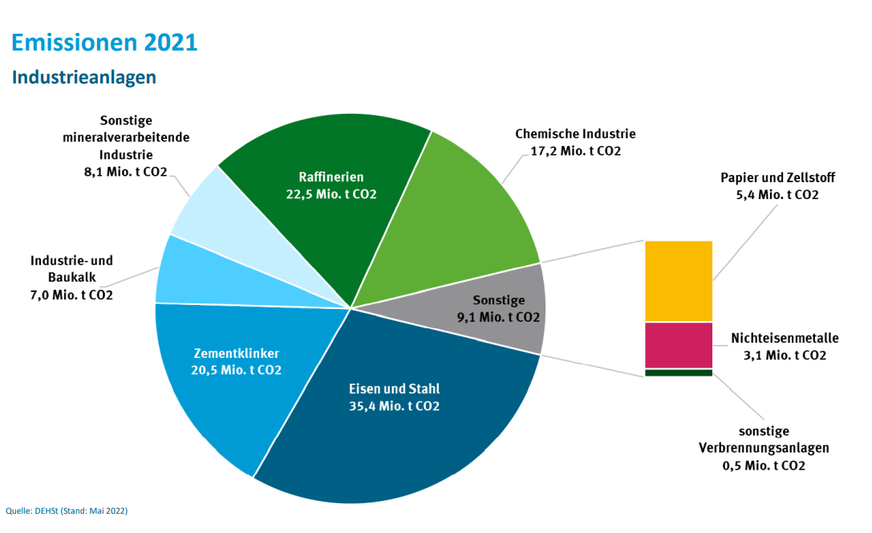 CO2-intensive Industrien in Deutschland.&nbsp;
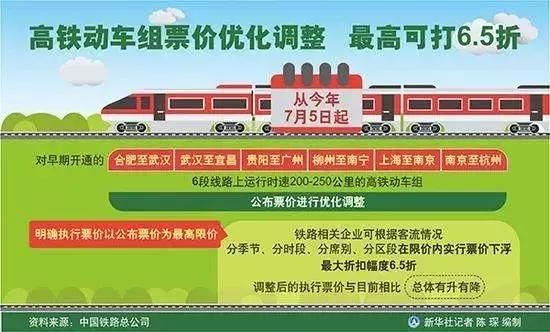 「启程财富之旅，富贵列车百度直达」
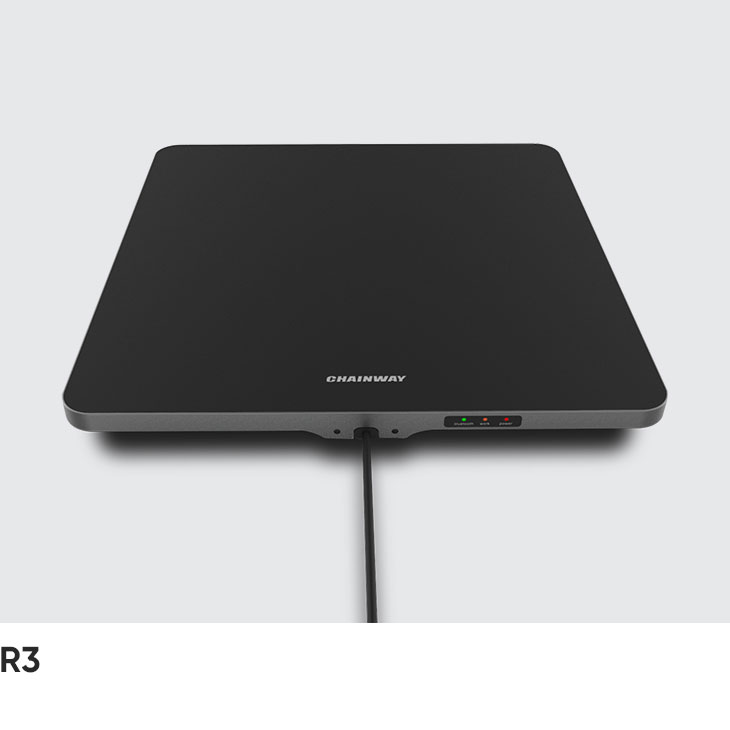 Desktop RFID Readers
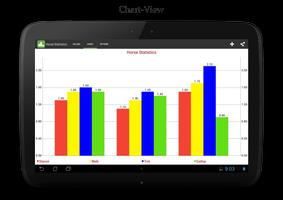 Chart Maker Trial: Bar Chart Screenshot 4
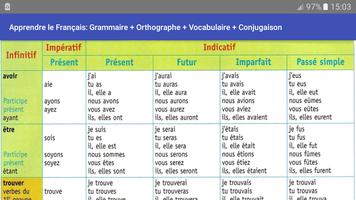 Apprendre le Français : Cours en PDF capture d'écran 3
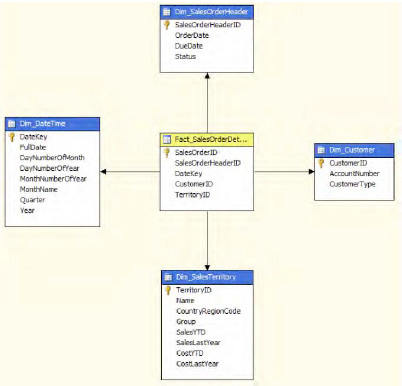 The structure of the AW Sales Data View cube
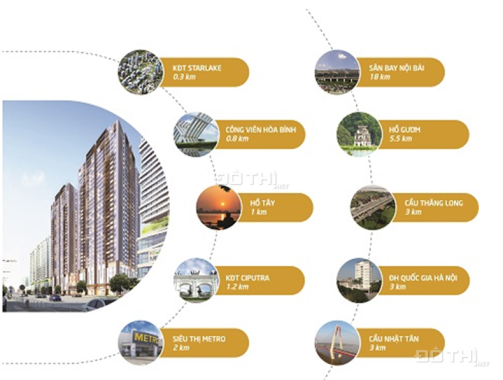 Cơ hội đầu tư tốt nhất trong năm dự án Q.Bắc Từ Liêm, 3PN, nội thất cao cấp giá từ 23,3 tr/m2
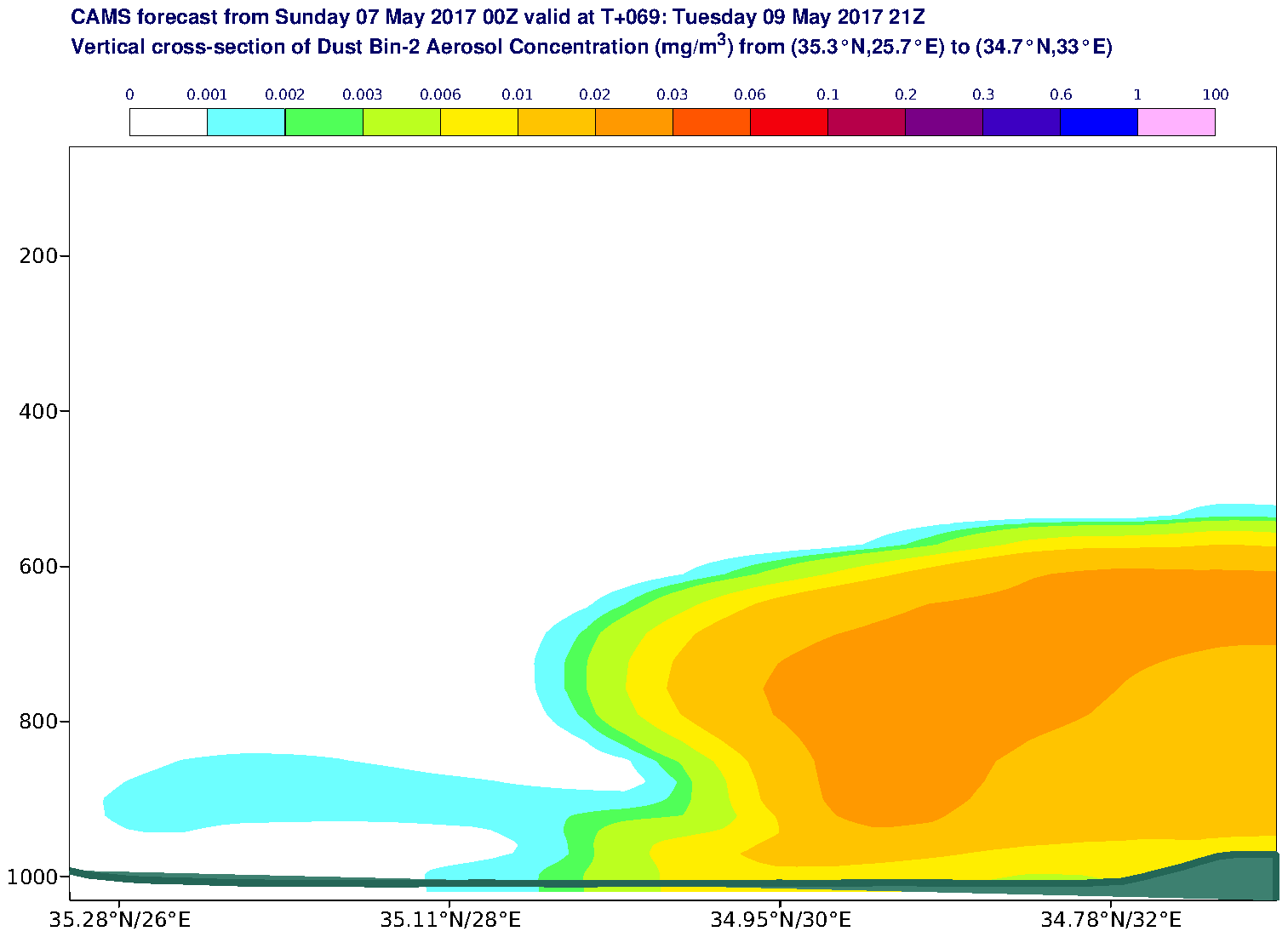 Vertical cross-section of Dust Bin-2 Aerosol Concentration (mg/m3) valid at T69 - 2017-05-09 21:00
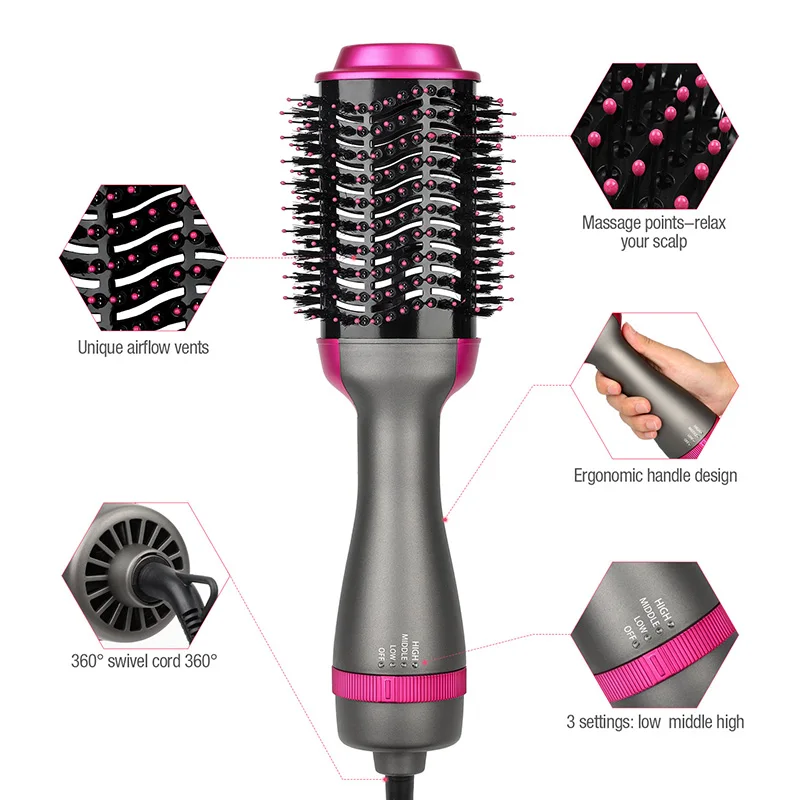Multifunctional Hair Dryer Rotating Hair Brush Roller Rotate Styler Comb Straightening Curling Hot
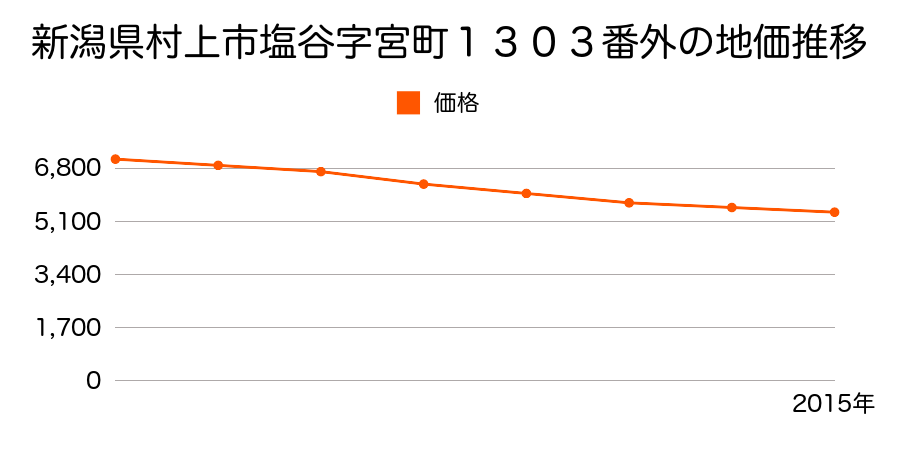 新潟県村上市塩谷字宮町１３０３番外の地価推移のグラフ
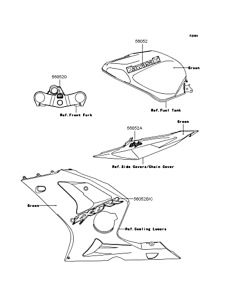 ZX600 Наклейки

TASK
The copy should begin at the line containing "The structure of the AW Sales Data View cube" and end at the last line of the data above; please restate those lines word for word without the pictures.

EXPECTED ANSWER
 The structure of the AW Sales Data View cube
 Cơ hội đầu tư tốt nhất trong năm dự án Q.Bắc Từ Liêm, 3PN, nội thất cao cấp giá từ 23,3 tr/m2
 Vertical cross-section of Dust Bin-2 Aerosol Concentration (mg/m3) valid at T69 - 2017-05-09 21:00
Multifunctional Hair Dryer Rotating Hair Brush Roller Rotate Styler Comb Straightening Curling Hot
 新潟県村上市塩谷字宮町１３０３番外の地価推移のグラフ
 ZX600 Наклейки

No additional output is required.